[Brief descriptive captions]
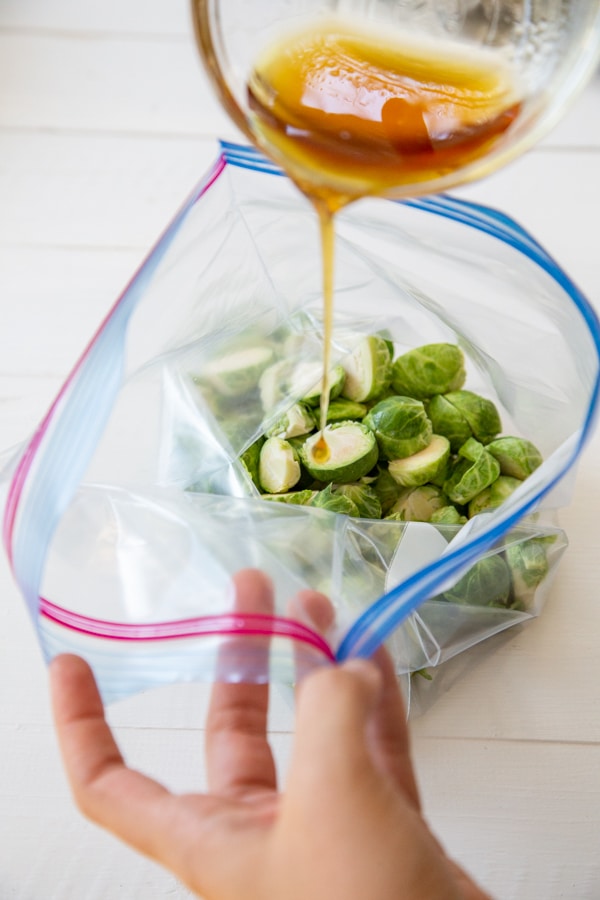 A hand holding a plastic bag with Brussels sprouts pouring maple syrup into the bag.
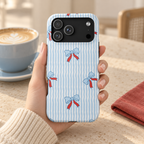 Blue Ribbon Stripe MagSafe case, baby blue bows with red ribbons on wavy blue stripes, lifestyle photo in hand with coffee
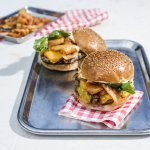 Twee hamburgers liggen op een inoxe plateau. De ene burger moet zijn hoedje nog krijgen.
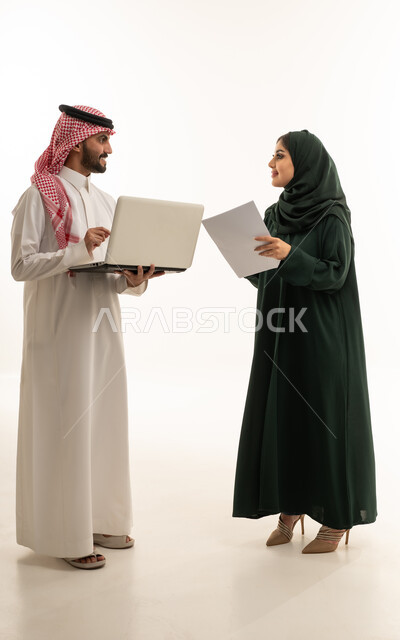 Saudi Business Man and Woman Working in Studio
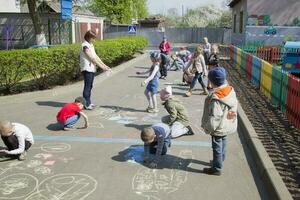 kleuterschool Open dag.kinderen van kleuterschool trek met kleurpotloden Aan de asfalt. foto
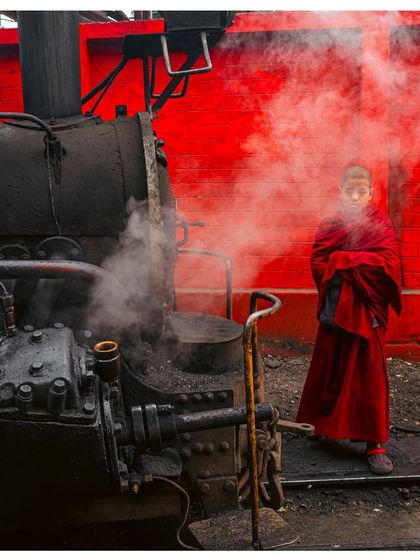 A young Buddhist monk stands in front of a steam engine in Darjeeling. The contrast of his red robes against the red wall and the steam creates a powerful and cinematic image.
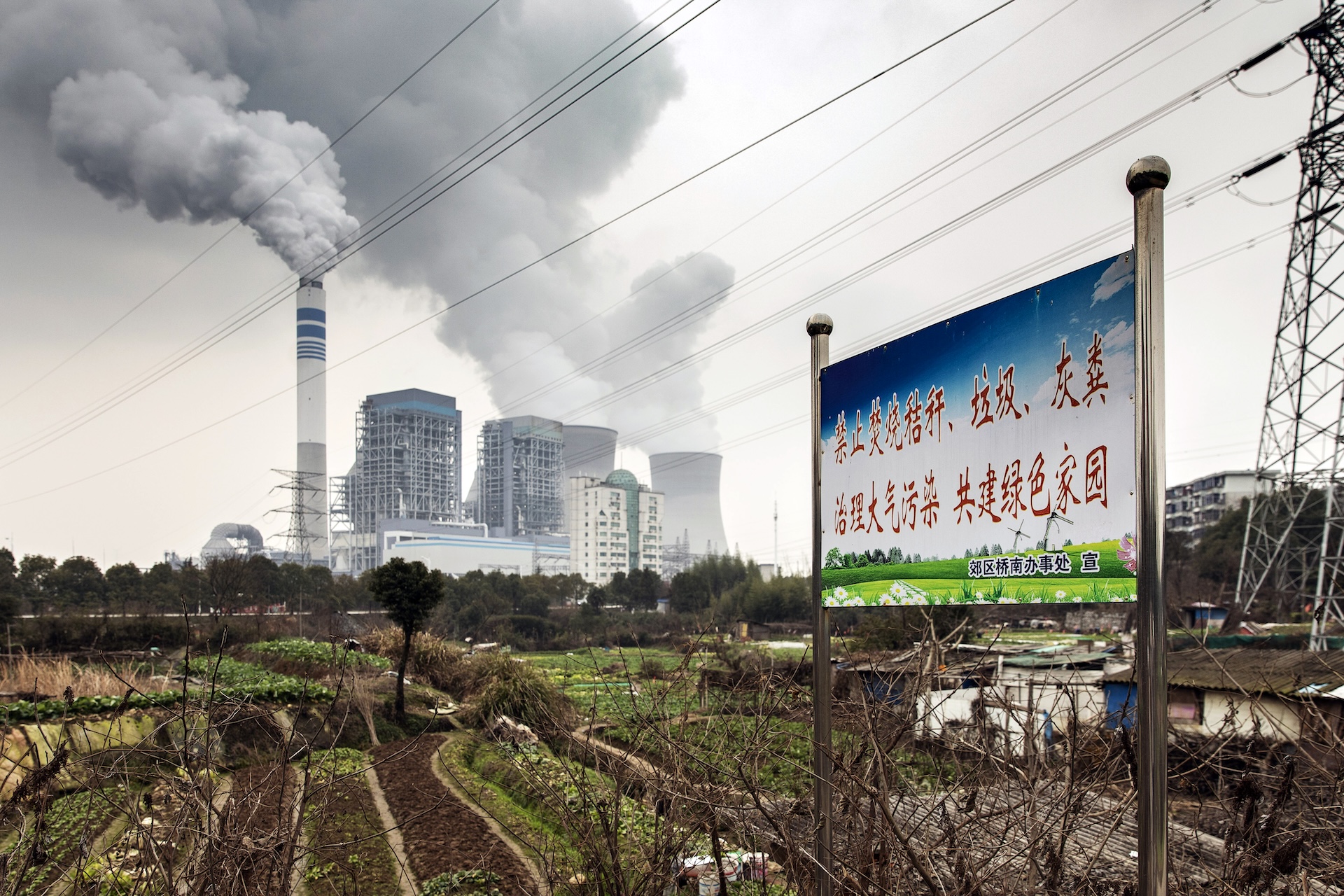 A photograph of a coal-powered power station with a Chinese sign in the foreground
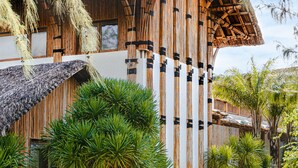 Un bâtiment moderne doté d’un toit de chaume, de lambris en bois verticaux et d’une végétation luxuriante.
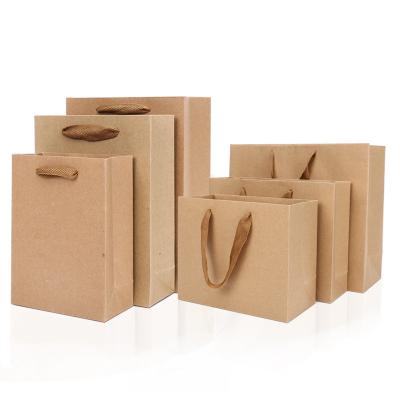 China Recycled Materials Sell High Quality Custom Brown Thick Paper Bag Packaging Shopping / Wholesale Gift / Clothes Paper Bag With Handle for sale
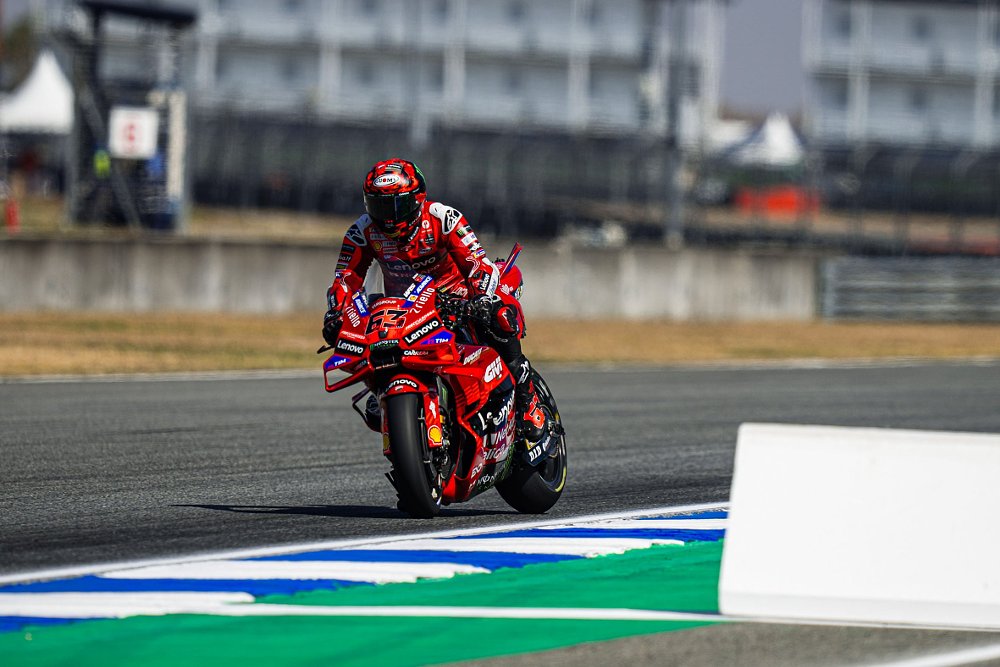 Pecco Bagnaia on his red Ducati MotoGP race motorcycle braking hard for a turn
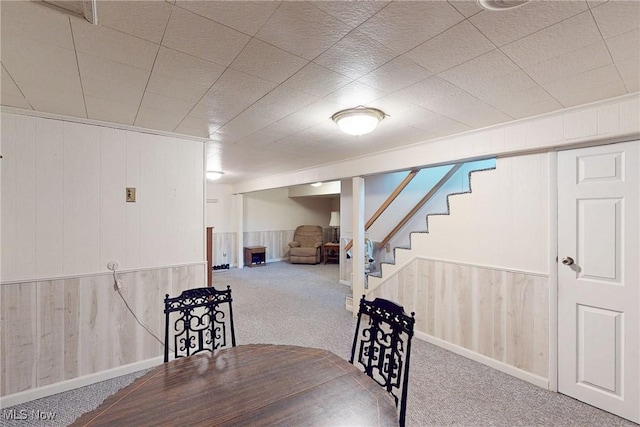 132 Karen Pl, Wintersville, OH 43953 - basement with carpet, wooden walls, and stairs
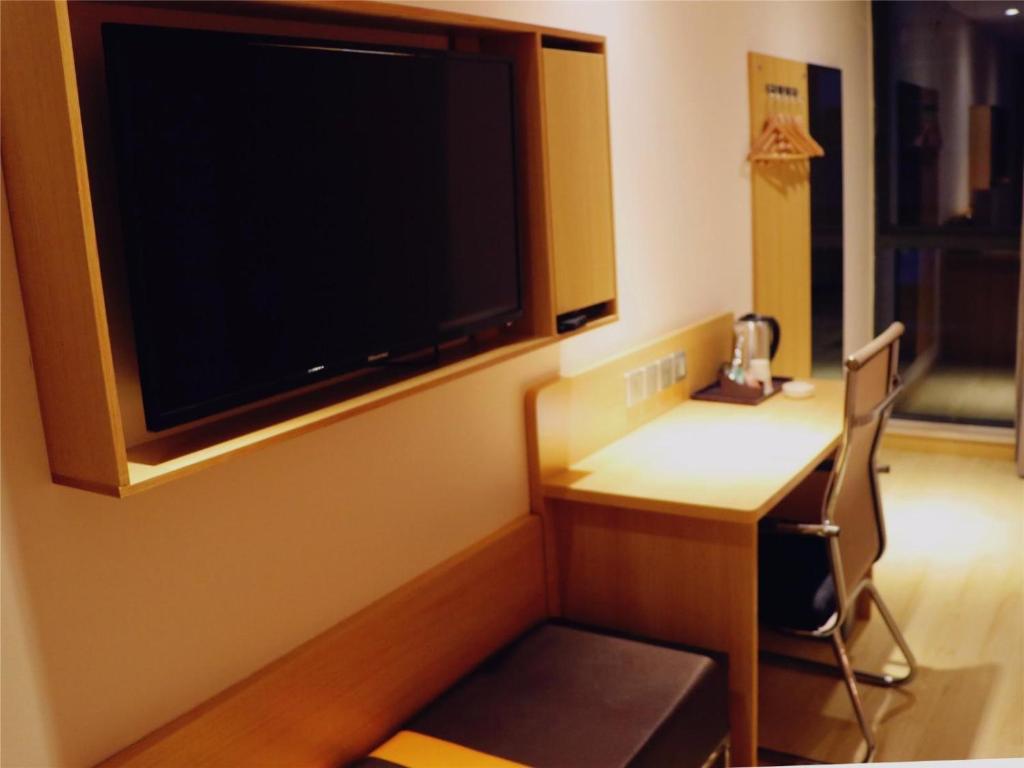 a room with a desk and a large flat screen tv at 7Days Premium Chengdu East Railway Station Subway Station Branch in Chengdu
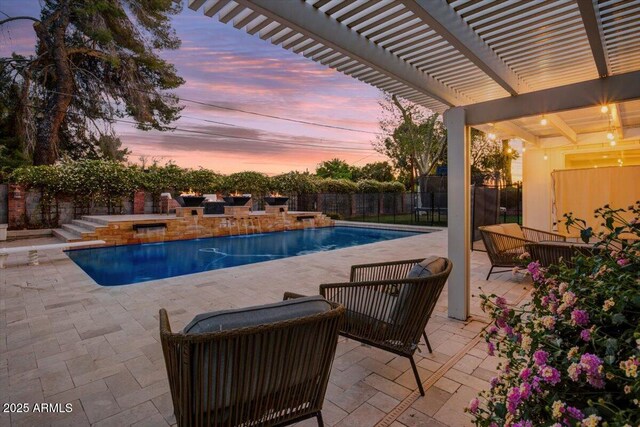 1831 E Rovey Ave, Phoenix, AZ 85016 - pool at dusk featuring a pergola, a patio area, and a fenced backyard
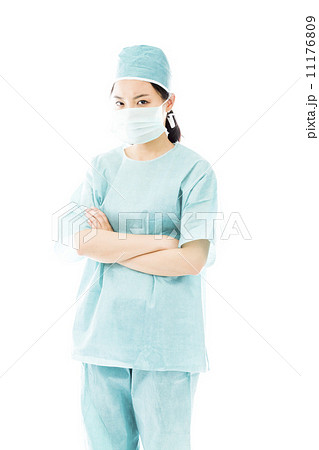 Confident Asian female surgeon standing with arms crossed 11176809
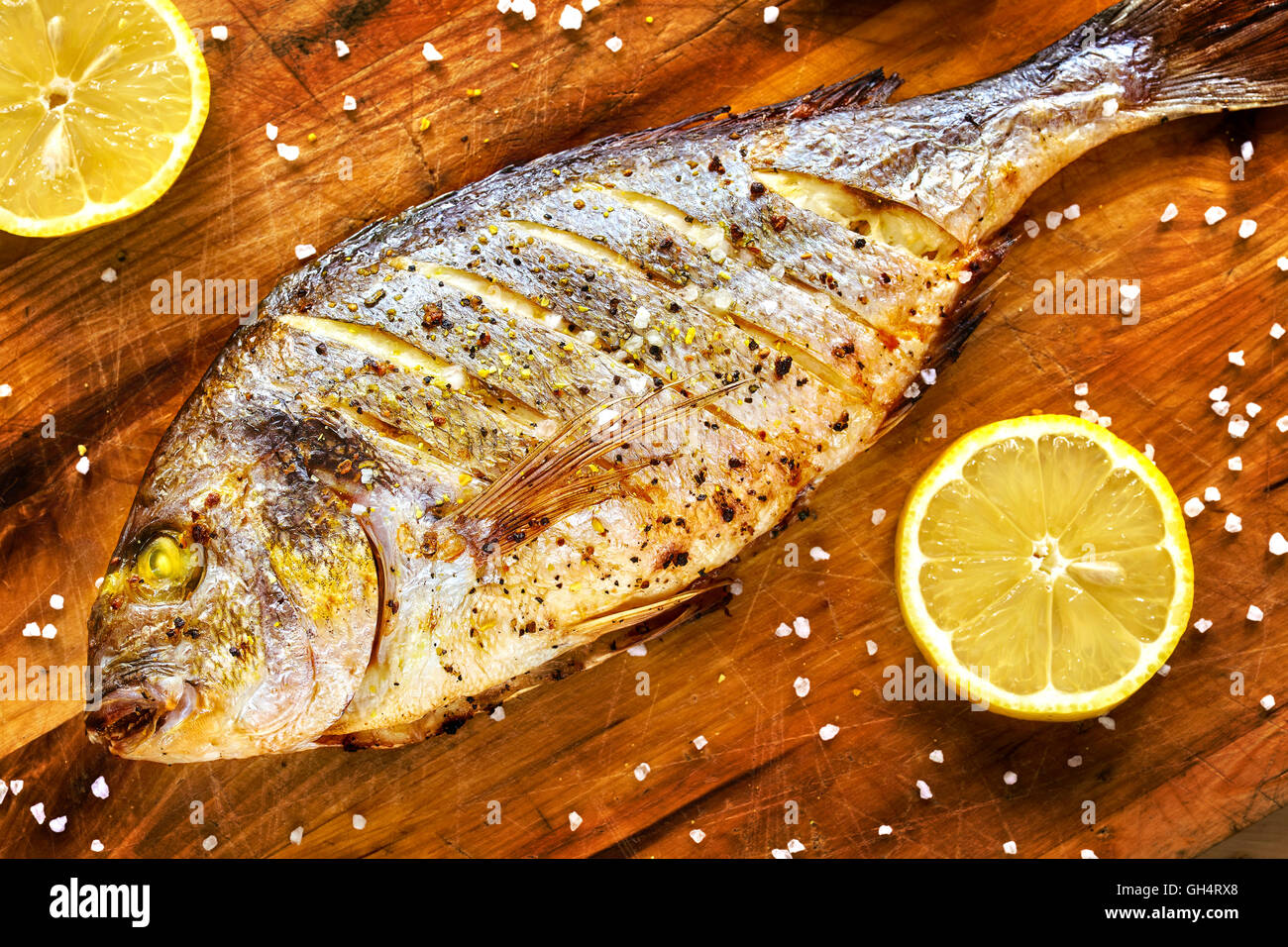 Roasted gilt head bream fish on a wooden table with lemons and coarse grained salt. Stock Photo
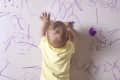 Child in yellow shirt drawing with purple marker on wall covered in scribbles.
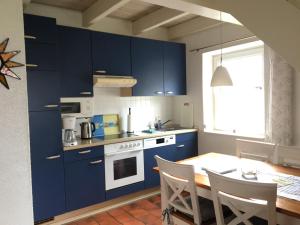 una cocina con armarios azules y una mesa con sillas en Ferienhaus Meerzeit, en Nordstrand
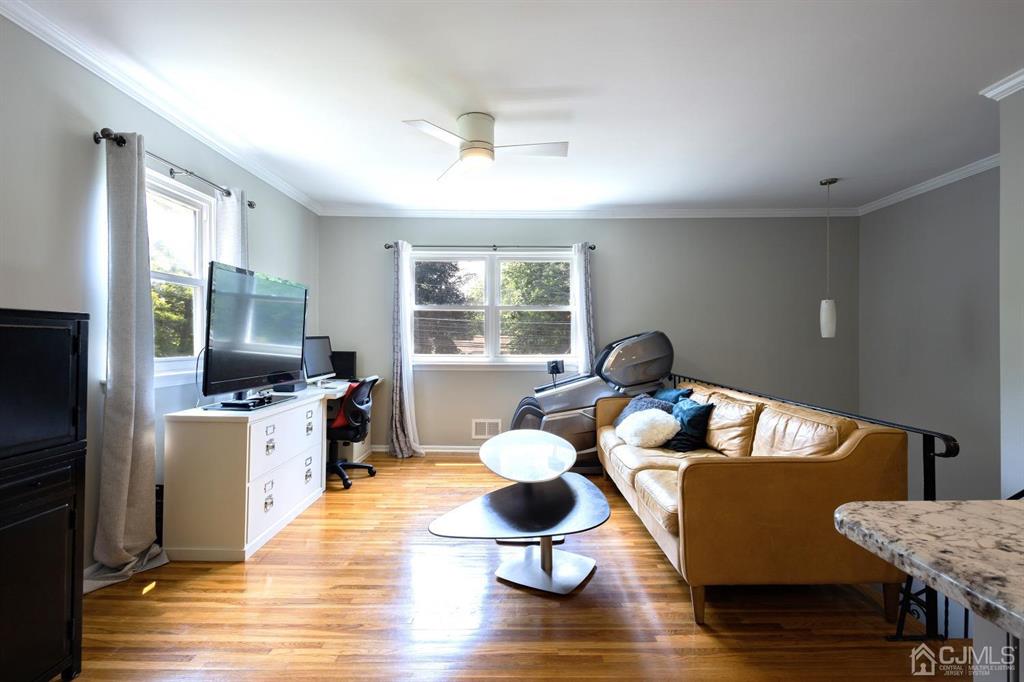 53 Edgemere Avenue Plainsboro, NJ 08536 - Photo 12 of 39 a living room with furniture and wooden floor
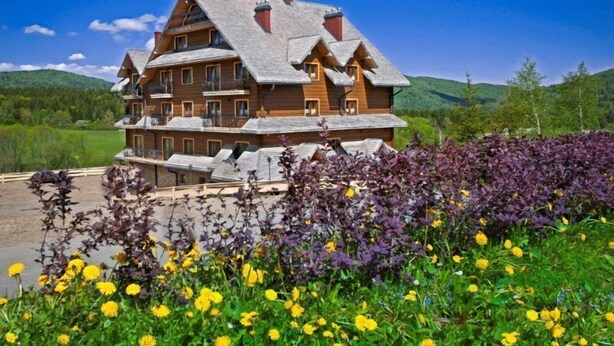 A multi-story wooden chalet with a sloped roof, multiple balconies, and a scenic mountain backdrop.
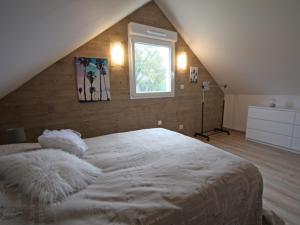 a bedroom with a large white bed with a window at Gîte Chamagne, 3 pièces, 4 personnes - FR-1-589-11 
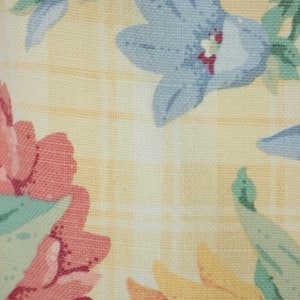 May include: A yellow fabric with a checkered pattern and a floral design. The flowers are pink, blue, and yellow.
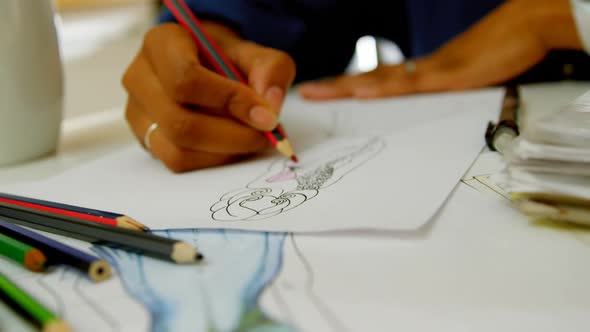 Close-up of black female fashion designer drawing sketches of dress at dining table 4k alt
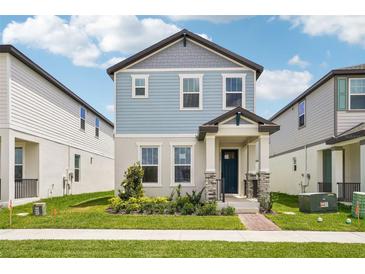 Charming two-story home with blue siding, stone accents, and a well-maintained front yard at 5235 Passion Flower Way, Winter Garden, FL 34787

## PROBLEM STATEMENT
Range to copy from the records above: the line containing "A photograph of" to the line containing "Pecco Bagnaia on", both included. Output those lines exactly and only those, skipping pictures.

## EXERCISE OUTPUT
 A photograph of a coal-powered power station with a Chinese sign in the foreground
 Un bâtiment moderne doté d’un toit de chaume, de lambris en bois verticaux et d’une végétation luxuriante.
 China Recycled Materials Sell High Quality Custom Brown Thick Paper Bag Packaging Shopping / Wholesale Gift / Clothes Paper Bag With Handle for sale
 Pecco Bagnaia on his red Ducati MotoGP race motorcycle braking hard for a turn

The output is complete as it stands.